And what was Jesus saying in the verses that precede His admonition to take comfort and not be anxious? He was saying the same things that He had been teaching them throughout this Sermon on the Mount—that there is God’s way, and there is man’s way, and that God’s kingdom provides the greater reward. We can serve the Lord, or we can serve Mammon—a Semitic word which more or less encompasses all worldly wealth and possessions.
That is: Money and everything that money can buy. Jesus warns us that serving both gods is impossible. To put it mathematically, it’s a mutually-exclusive solution set. An either-or choice between two masters. We’ll love one and hate the other, or be devoted to one and despise the other. Jesus says so. What is it going to be for you? The Creator or His creation? The Heavenly Giver, or His earthly gifts?
It’s apparent by the way we spend most of our time and effort that we’ve made that choice, and that our lot has been cast in the wrong direction. We worry and fret so much about the things of this world that we feel compelled to apply the bulk of our time and the best of our efforts toward acquiring more and more of them. To quote a popular phrase of a few years ago, “Bigger, faster, better, more.”
It’s interesting to note that this section of Jesus’ sermon, speaking about priorities and worries, follows closely on the heels of Him teaching His hearers the words of the Lord’s Prayer. That prayer, which we say so much and yet take to heart so little, perfectly expresses a faith-driven surrender to God. In its own way, that prayer asks nothing more that that we allow God to be God, and that we be conformed to His commandments and receive all the blessings He has in store for us, both now and for eternity.
The Lord’s Prayer is the prayer of a faithful heart, one which sets aside the anxieties and priorities of this life, and lives trustingly in God’s grace—receiving the food and the clothing and all the other blessings He will provide us according to His perfect will. What’s more, it’s the prayer of a heart that receives not only this world’s blessings, but the blessings of the world to come.
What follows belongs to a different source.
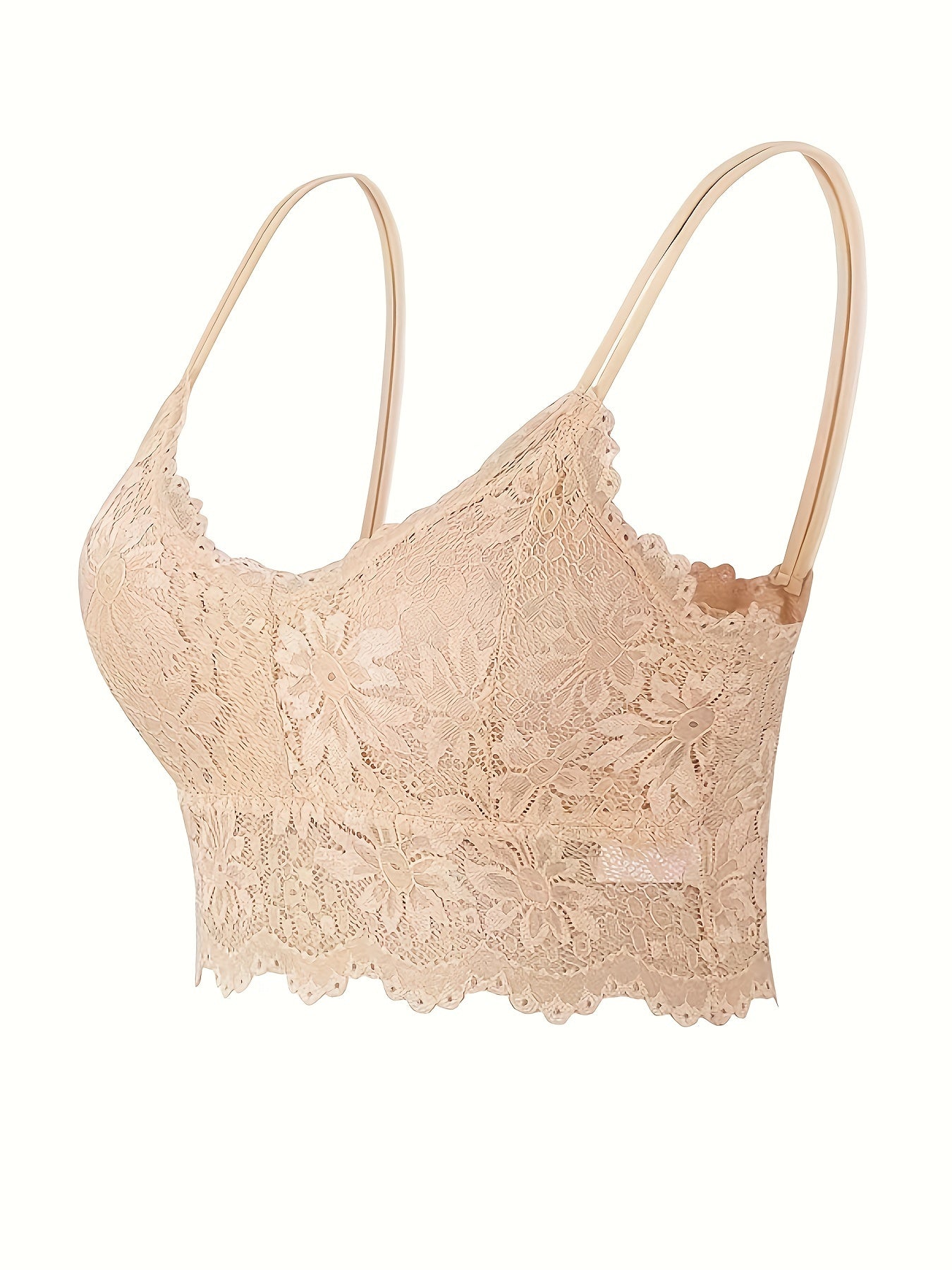 Floral Lace Wireless Bra Double Straps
When Jesus tells His hearers not to engage in a battle between the masters of God and money; when He tells them not to worry about the things of this world, He’s simply telling them to live the Lord’s Prayer. He’s reminding them that, ultimately, it is God and not money that provides them their daily bread of food and clothing—of “all that we need to support this body and life.”
Yet the prayer—and Jesus’ elaboration on it here in today’s text—go far beyond just satisfying our physical needs of this life, don’t they? And not only far beyond, but they actually precede, pre-empt, and overshadow those shallow, temporary needs. That’s where faith takes over.
Everyone, to a certain extent, actually does worry about the things of this life. Maybe it’s not food or clothing, because God may have provided you with an abundance of His created gifts of Mammon that those things aren’t really a concern for you on a day-to-day basis. Much of the world is not so fortunate, so there’s something both for your thanksgiving to God and your consideration of your neighbor.
But at some point—on some level—you do have plenty you worry about, don’t you? Maybe it’s your health. Maybe it’s whether you’ll be able to get a job, keep a job, or hang onto one or more jobs long enough to retire.
Maybe it’s whether you’ll have enough in the checking account to pay the rent or the mortgage, or enough stocked away in the years to have daily bread and clothing once your working years are over. Maybe you worry about how your kids will go out into the world or how your parents will go out of it. And maybe your biggest worry is what sort of impression you’re making on others with your own worries and priorities.
There’s no end to the list you could generate of things to worry about, today, tomorrow, the rest of your life. It would be a constantly churning, constantly growing list. Some are significant and some are trite. Some are reasonable and some are neurotic. Yet making that list is an exercise in futility, because no matter what you do, there’s always going to be something else to worry about.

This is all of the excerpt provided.